_ACTION ITEM_: The response must consist of the lines below from the one with "hands of men" through the one with "a kitchen with kitchen", exactly as they appear and with both ends kept.
(Beginning of INFORMATION)
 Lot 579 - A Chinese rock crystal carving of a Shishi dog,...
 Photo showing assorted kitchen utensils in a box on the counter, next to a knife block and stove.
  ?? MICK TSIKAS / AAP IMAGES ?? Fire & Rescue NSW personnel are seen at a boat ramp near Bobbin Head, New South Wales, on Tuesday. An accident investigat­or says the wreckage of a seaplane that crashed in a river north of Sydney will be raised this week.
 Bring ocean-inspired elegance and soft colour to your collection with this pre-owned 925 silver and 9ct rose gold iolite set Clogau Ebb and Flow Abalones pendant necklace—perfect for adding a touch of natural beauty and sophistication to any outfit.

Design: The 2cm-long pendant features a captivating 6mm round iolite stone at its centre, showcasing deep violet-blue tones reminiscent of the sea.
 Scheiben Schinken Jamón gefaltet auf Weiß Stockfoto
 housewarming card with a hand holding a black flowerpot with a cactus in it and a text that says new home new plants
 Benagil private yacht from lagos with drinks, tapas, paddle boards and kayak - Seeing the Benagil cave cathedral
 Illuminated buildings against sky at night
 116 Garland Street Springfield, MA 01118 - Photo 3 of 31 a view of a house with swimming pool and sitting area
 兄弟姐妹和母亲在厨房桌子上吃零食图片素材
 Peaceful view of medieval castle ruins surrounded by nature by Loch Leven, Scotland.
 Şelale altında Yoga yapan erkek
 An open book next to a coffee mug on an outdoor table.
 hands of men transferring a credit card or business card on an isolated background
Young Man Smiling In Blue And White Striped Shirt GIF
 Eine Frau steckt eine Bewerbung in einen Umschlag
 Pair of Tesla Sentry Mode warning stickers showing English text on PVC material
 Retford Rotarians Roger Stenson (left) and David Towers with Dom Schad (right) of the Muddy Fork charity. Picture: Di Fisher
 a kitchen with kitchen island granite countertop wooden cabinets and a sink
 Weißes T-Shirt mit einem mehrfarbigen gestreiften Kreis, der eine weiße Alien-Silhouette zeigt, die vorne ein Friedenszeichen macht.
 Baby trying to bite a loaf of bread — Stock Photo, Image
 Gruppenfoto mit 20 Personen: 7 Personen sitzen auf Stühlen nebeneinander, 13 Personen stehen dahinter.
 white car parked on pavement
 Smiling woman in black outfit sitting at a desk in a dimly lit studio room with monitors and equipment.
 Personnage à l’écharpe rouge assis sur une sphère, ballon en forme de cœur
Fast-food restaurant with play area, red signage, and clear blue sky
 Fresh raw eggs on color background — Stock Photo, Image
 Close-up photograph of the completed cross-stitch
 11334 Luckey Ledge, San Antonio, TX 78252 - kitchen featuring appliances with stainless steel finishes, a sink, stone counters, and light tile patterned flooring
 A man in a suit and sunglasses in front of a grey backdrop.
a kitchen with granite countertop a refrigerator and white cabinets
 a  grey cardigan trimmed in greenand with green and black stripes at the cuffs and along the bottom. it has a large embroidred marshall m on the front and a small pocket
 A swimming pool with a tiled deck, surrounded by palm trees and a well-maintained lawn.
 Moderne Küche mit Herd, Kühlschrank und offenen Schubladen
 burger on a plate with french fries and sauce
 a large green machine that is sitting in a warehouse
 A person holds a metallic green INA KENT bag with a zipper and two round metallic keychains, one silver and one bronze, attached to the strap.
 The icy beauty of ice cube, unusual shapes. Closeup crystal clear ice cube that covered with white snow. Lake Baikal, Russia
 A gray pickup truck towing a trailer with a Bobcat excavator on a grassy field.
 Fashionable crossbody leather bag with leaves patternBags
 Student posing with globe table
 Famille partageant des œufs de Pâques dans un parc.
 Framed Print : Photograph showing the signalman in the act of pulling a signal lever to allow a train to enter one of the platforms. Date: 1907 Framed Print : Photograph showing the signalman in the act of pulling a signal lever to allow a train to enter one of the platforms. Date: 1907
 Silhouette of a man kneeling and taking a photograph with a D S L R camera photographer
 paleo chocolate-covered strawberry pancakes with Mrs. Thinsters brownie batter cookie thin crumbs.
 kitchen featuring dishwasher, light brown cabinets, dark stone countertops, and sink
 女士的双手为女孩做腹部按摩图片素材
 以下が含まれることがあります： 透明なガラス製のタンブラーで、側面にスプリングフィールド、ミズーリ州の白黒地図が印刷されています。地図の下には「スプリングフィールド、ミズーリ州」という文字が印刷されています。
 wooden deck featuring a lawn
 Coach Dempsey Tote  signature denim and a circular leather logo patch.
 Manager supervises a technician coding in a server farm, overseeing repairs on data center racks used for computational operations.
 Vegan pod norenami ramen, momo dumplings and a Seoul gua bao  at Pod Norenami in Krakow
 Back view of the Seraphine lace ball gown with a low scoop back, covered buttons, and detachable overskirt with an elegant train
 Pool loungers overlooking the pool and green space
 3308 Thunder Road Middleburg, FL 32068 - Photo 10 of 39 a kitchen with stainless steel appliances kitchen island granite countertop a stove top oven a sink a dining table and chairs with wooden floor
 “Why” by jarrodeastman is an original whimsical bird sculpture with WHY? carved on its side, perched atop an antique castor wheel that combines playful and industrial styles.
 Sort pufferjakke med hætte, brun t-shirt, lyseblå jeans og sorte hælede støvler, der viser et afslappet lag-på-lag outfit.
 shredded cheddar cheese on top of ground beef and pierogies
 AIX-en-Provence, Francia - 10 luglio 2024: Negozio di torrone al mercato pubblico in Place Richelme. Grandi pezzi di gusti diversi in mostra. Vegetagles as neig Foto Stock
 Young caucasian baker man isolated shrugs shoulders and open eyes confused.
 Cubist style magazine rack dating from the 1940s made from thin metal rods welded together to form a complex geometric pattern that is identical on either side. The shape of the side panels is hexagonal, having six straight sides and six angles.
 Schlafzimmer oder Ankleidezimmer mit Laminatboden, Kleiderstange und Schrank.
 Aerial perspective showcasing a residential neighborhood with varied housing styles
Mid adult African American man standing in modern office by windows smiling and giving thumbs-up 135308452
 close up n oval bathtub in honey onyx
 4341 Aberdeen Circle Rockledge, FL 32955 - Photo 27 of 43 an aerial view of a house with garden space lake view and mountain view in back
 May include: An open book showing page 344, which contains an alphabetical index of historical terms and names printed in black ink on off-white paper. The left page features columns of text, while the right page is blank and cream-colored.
(End of INFORMATION)
_REPLY TO THE EXERCISE_:
 hands of men transferring a credit card or business card on an isolated background
Young Man Smiling In Blue And White Striped Shirt GIF
 Eine Frau steckt eine Bewerbung in einen Umschlag
 Pair of Tesla Sentry Mode warning stickers showing English text on PVC material
 Retford Rotarians Roger Stenson (left) and David Towers with Dom Schad (right) of the Muddy Fork charity. Picture: Di Fisher
 a kitchen with kitchen island granite countertop wooden cabinets and a sink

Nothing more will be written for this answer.